== Task instructions ==
Every record below should be repeated word for word, with the pictures left out.

───── Records for the exercise

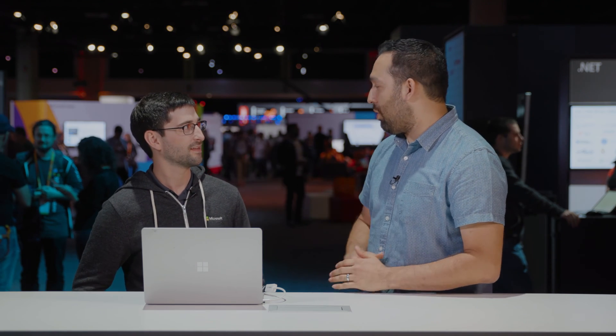Welcome to the special edition of the AI Show, coming to you from Microsoft Ignite, where we're going to learn about a bunch of cognitive services. I'm Chris Hoder, a Program Manager on the Cognitive Services team, and today I want to show you how cognitive services are letting businesses get more productive and embed intelligence into their applications.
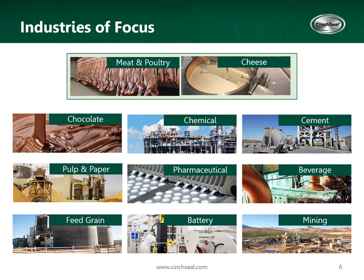Our main industries of focus are meat and poultry, chocolate, chemicals, cement, pulp and paper, mining, and pharmaceutical industries.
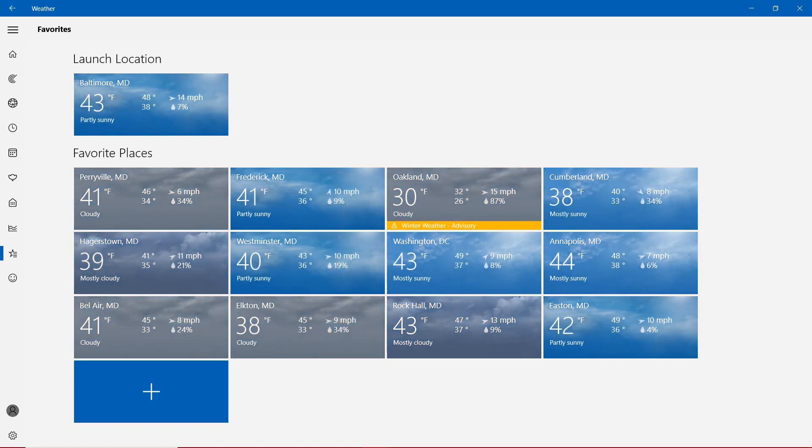With favorite places: temperatures showing in the 30s and 40s. Starting with the 30s — that's the only 30s, which is in Oakland: 30 degrees, cloudy, with the winter weather advisory. With nearly 40s in Cumberland, Hagerstown, and Elton. And don't forget, with more than 40s, which is in Perryville, Frederick, Cumberland, Westminster, Washington, Annapolis, Bel Air, Rock Hall, and Easton.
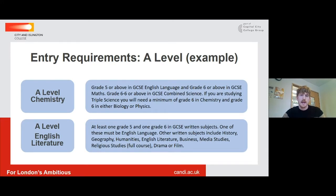If you're looking to study A-Level Chemistry with us, we'd be looking for a Grade 5 in GCSE English Language, a Grade 6 or above in GCSE Maths, and a double 6 in the Combined Sciences. If we're looking at A-Level English Literature, we'd be looking for a Grade 5 and one Grade 6 in Written Subjects at GCSE. You can see there on the screen all of the different subjects that we include in our written subjects for our entry requirements.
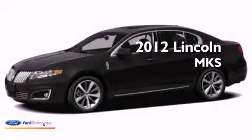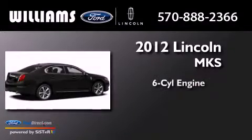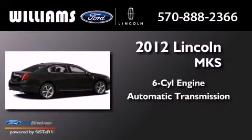This is a brand-new 2012 Lincoln MKS. It has a six-cylinder engine and an automatic transmission.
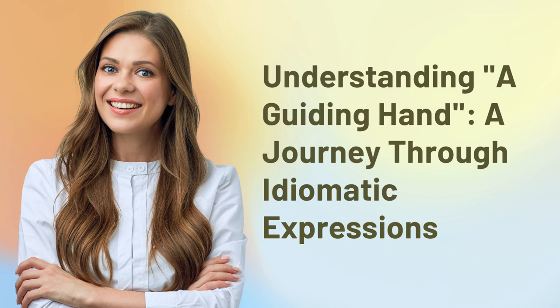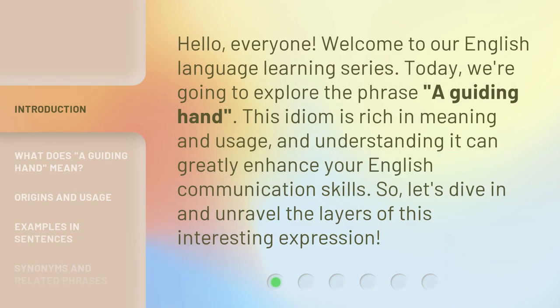Understanding a guiding hand: a journey through idiomatic expressions. Hello, everyone. Welcome to our English language learning series. Today, we're going to explore the phrase 'a guiding hand.' This idiom is rich in meaning and usage, and understanding it can greatly enhance your English communication skills. So, let's dive in and unravel the layers of this interesting expression.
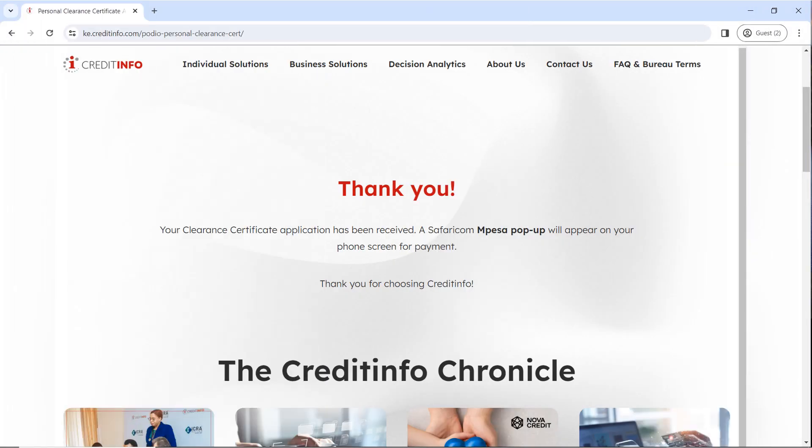Congratulations! You have successfully applied for a CRB clearance certificate. You will receive a message either on your phone number or your email. Make sure you check both on how you're supposed to make your payment and you will receive your certificate in your email.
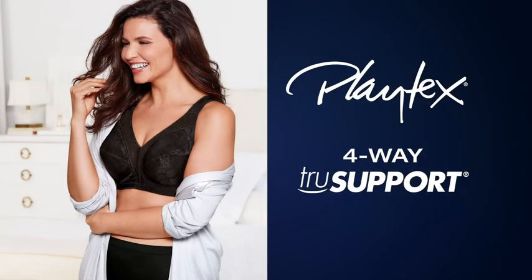Playtex bras with 4-way TrueSupport. The ultimate answer to a great fit with real solutions.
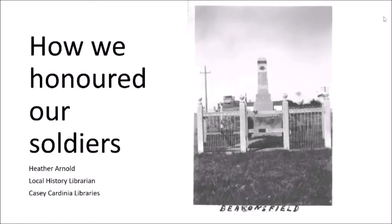Welcome everyone. I'm Heather Arnold — for those who don't know me, local history librarian here at Casey Cardinia Libraries.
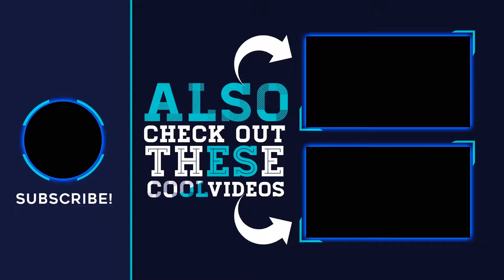Thank you for watching. Please subscribe to our channel, share this video, and hit the like button.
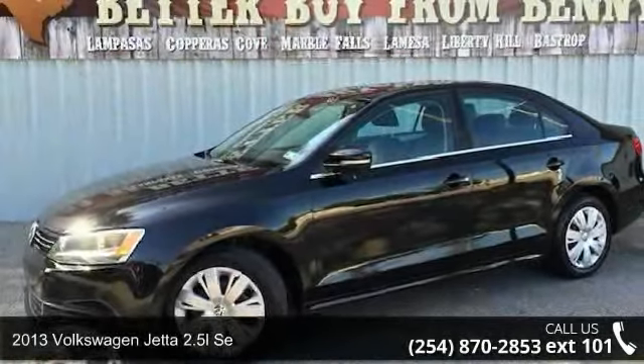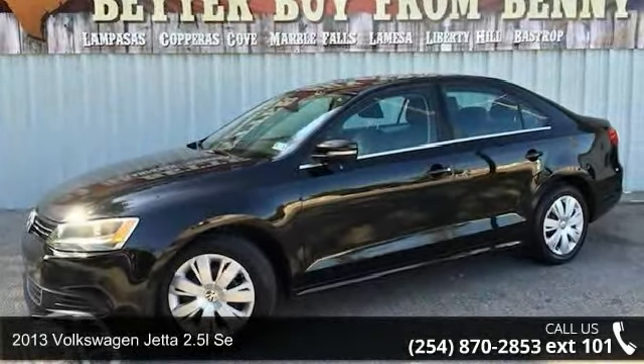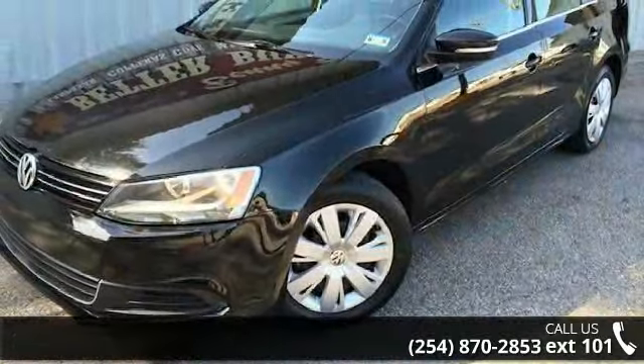Step into the 2013 Volkswagen Jetta. If you are looking for an automobile with great features, look no further.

──────────

== Response ==
Welcome to the special edition of the AI Show, coming to you from Microsoft Ignite, where we're going to learn about a bunch of cognitive services. I'm Chris Hoder, a Program Manager on the Cognitive Services team, and today I want to show you how cognitive services are letting businesses get more productive and embed intelligence into their applications.
Our main industries of focus are meat and poultry, chocolate, chemicals, cement, pulp and paper, mining, and pharmaceutical industries.
With favorite places: temperatures showing in the 30s and 40s. Starting with the 30s — that's the only 30s, which is in Oakland: 30 degrees, cloudy, with the winter weather advisory. With nearly 40s in Cumberland, Hagerstown, and Elton. And don't forget, with more than 40s, which is in Perryville, Frederick, Cumberland, Westminster, Washington, Annapolis, Bel Air, Rock Hall, and Easton.
If you're looking to study A-Level Chemistry with us, we'd be looking for a Grade 5 in GCSE English Language, a Grade 6 or above in GCSE Maths, and a double 6 in the Combined Sciences. If we're looking at A-Level English Literature, we'd be looking for a Grade 5 and one Grade 6 in Written Subjects at GCSE. You can see there on the screen all of the different subjects that we include in our written subjects for our entry requirements.
This is a brand-new 2012 Lincoln MKS. It has a six-cylinder engine and an automatic transmission.
Understanding a guiding hand: a journey through idiomatic expressions. Hello, everyone. Welcome to our English language learning series. Today, we're going to explore the phrase 'a guiding hand.' This idiom is rich in meaning and usage, and understanding it can greatly enhance your English communication skills. So, let's dive in and unravel the layers of this interesting expression.
Congratulations! You have successfully applied for a CRB clearance certificate. You will receive a message either on your phone number or your email. Make sure you check both on how you're supposed to make your payment and you will receive your certificate in your email.
Playtex bras with 4-way TrueSupport. The ultimate answer to a great fit with real solutions.
Welcome everyone. I'm Heather Arnold — for those who don't know me, local history librarian here at Casey Cardinia Libraries.
Thank you for watching. Please subscribe to our channel, share this video, and hit the like button.
Step into the 2013 Volkswagen Jetta. If you are looking for an automobile with great features, look no further.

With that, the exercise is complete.